I’m trying to sift out the responses to the Ktroll who’s here humping PZ’s leg again and get to more interesting stuff, and Jack in #203 had one that struck me:
But in my short experience teaching (high school math), and longer experience married to an elementary school teacher, I found that the passion among elementary school teachers was for the kids. Many, many of them subscribe to “I am not in this profession to teach math or science or any other specific subject. I teach children.”
It’s unusual to have those passions--and talents--intersect in the same person, I guess, and there are plenty of malign or just crushingly-inert filters out there to further reduce the pool. Grade-school teachers, high-school teachers: they have to teach looking over their shoulders in a lot of schools, and that is exhausting. Class size, facilities, resources, surrounding microcultures, crazy school boards, insulting salaries, just plain social lunacies combine in various ways to wear teachers out. Having to worry about losing one’s job over assorted kinds of nonsense--how can they keep from being completely paralyzed, let alone be inspiring?
I’ve been lucky to have had some really talented teachers in my life, and IME they’ve combined teaching talent, a habit of actually looking at the people they teach (seriously, that bit of attentive, personal communication is a sort of exchange of trust that opens the learning mind), the freedom to teach as they wanted, and a passion for the subject. They don’t even have to be experts in the subject; they just have to know something I don’t and be excited about it.
“Teach children” isn’t quite a complete transitive-verb sentence. If you diagram it (hah) with the real world in mind you find an elided preposition, “to,” before “children.” So you still need an object, something to teach them. Something you yourself take visible pleasure in knowing.
I got a chance to co-teach a class in environmental journalism some years back, and found I had a couple of basic things to tell the youngsters there.
One: take science courses. Doesn’t much matter which; any subject there will give you a clue on how to research, and more important a sense of what’s likely and what isn’t, so you won’t be falling for the cranks.
Two, as I’d been telling aspiring writers for years before I made money at it myself: Yes, get your writing chops and keep practicing. But look around the great big world and find something you love more than you love writing or words. That’s what you write about.
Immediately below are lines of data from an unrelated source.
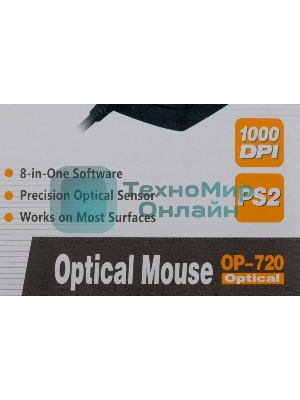 Мышь проводная A4Tech OP-720 черный, 1000 dpi, PS/2, кнопки - 3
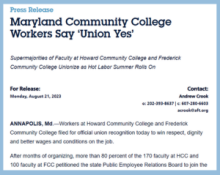 Maryland Community College Workers Say 'Union Yes!'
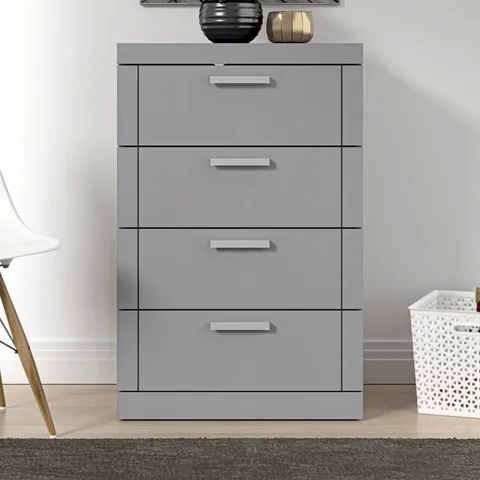 BOXED KIMBERLEY 4 DRAWER CHEST OF DRAWERS - COOL GREY (1 BOX)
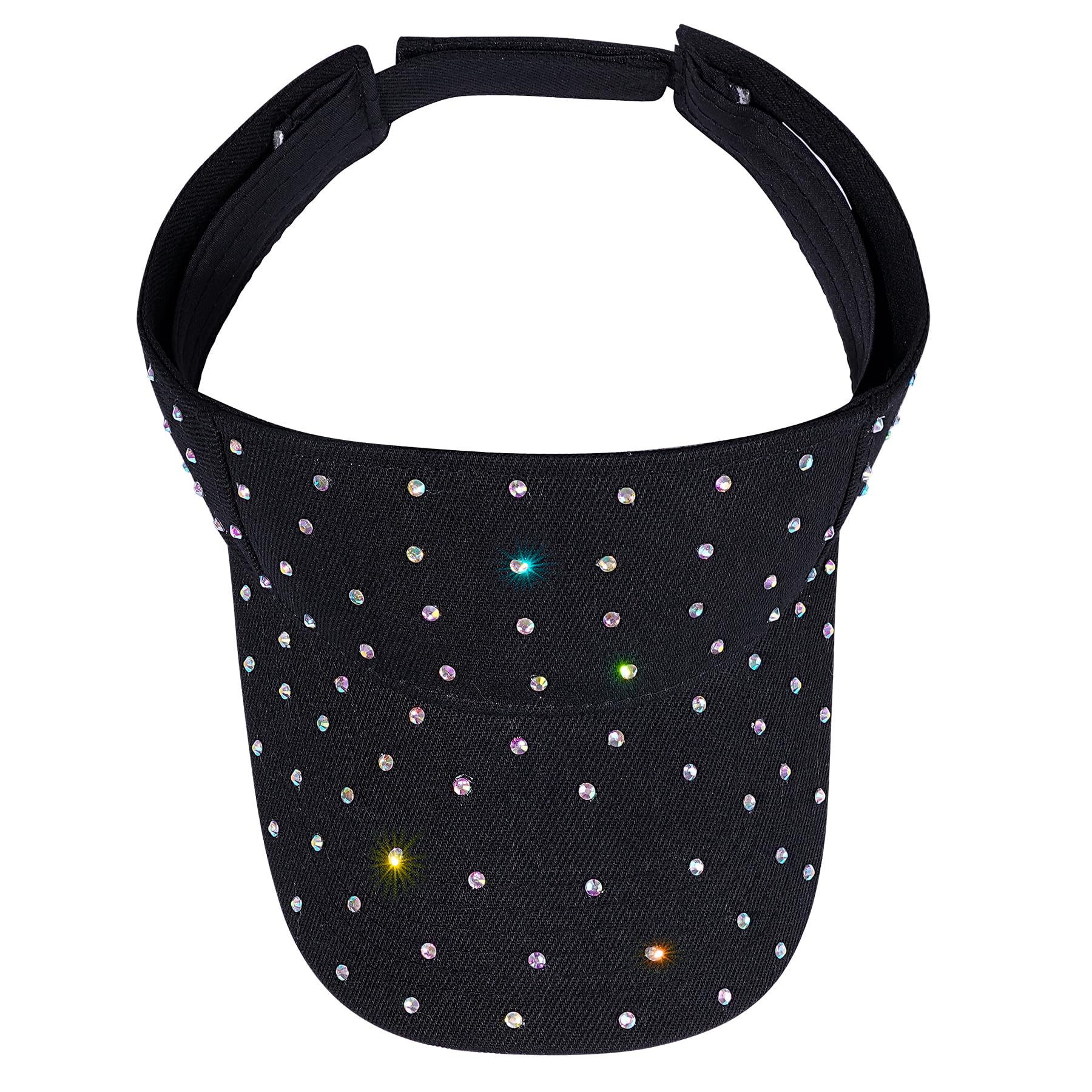 Sparkly Rhinestone Sports Sun Visor for Women - Adjustable Glitter Sun Hat for Running, Golf, Beach & Summer Outdoor Activities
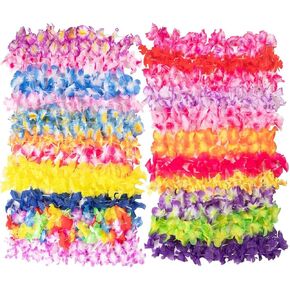 مجموعة 25 قطعة من مجموعة هاوايان ليز للأطفال والكبار - قلادات زهرة لوا الاستوائية، هدايا متعددة الألوان لحفلات أعياد الميلاد وحفلات الزفاف على الشاطئ وحفلات عيد الفصح وديكورات العطلات in Kuwait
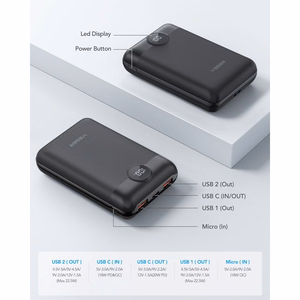 VEGER išorinė baterija 20000 mAh PD QC3.0 2A 22,5W S20 (W2053) juoda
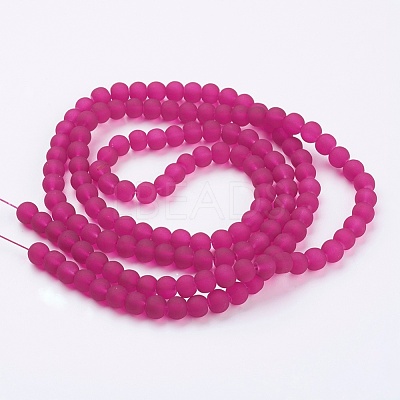 Baking Paint Transparent Glass Bead Strands GLAA-S031-6mm-39-1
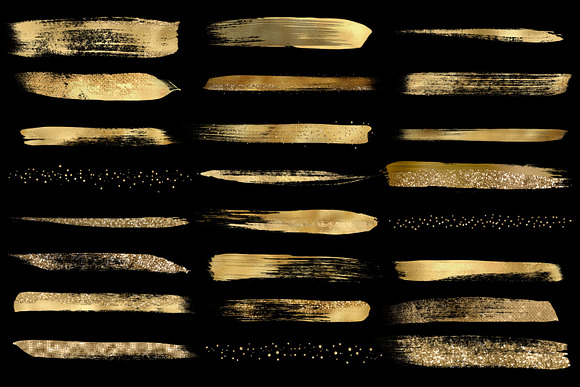 Gold Paint Strokes Clipart in Objects - product preview 3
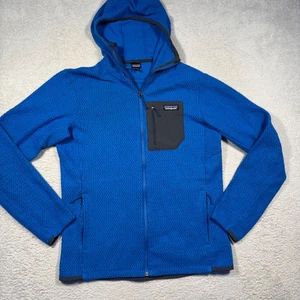 Patagonia R1 Air Sudadera con Capucha Texturizada Polar Chaqueta con Capucha Para Hombre M Cremallera Completa Azul Gris - Imagen 1 de 9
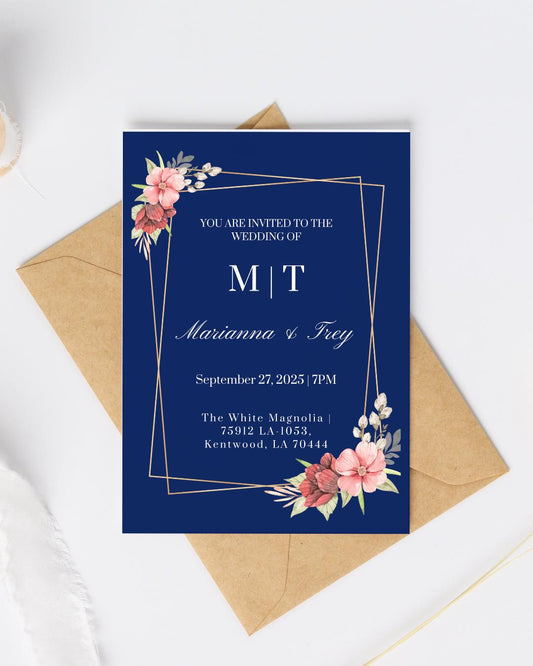 Navy Blue Floral Wedding Invitation Template | Blush & Gold Geometric Canva Invite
Seems to me there’s something like that to apply to teaching. The example of joy and passion, that’s a great big deal. It doesn’t matter if your favorite thing isn’t something any particular student will glom onto; different things reach different people and seeing that it’s a pleasure to get into your subject is just as important as getting them past some standardized test. (More so, of course, but those damned tests, ugh, another bad filter.)
I’m creeping up on 60 and have lately met rather a lot of hot seniors. One of the first things you learn in the field when birding is to attach yourself like a limpet to the various heads of white hair you encounter; same applies to gardening, a passion Joe and I came to via birding and what we write about for most of our income now. What I find common to the most knowledgeable people, the people who find out new things for all of us, is passion.
Intelligence, IME, is not so much capability as it is appetite.
Communicating that appetite, now isn’t that an interesting problem we have to play with?
Posted by: Ron Sullivan
1 | By: VS on June 5, 2008 at 08:28 AM
Sadly, I suspect a lot of teachers have been doing exactly that - teaching children. There are a lot of tall children around these days, and it isn’t just that I’m getting older. “Everyone’s a winner if they just do their best!” needs to be phased out around the same age as the Tooth Fairy. The real world doesn’t pat you on the back for doing your best *unless* you also do it *right*.
We’ve been watching the audition process for a dance competition on tv. There are a lot of people in their late 20’s who seem to expect to be chosen for the competition over trained dancers because they “did their best and had fun” - and because they reeeeeaaaaaalllllyyyyy waaaaant to be in the show. What???? How is that a substitute for either technique or talent???? They seem to honestly believe that that’s enough to get them whatever they want.
Excuse me, I think I hear the barbarians at the gates… Where did I leave my fiddle?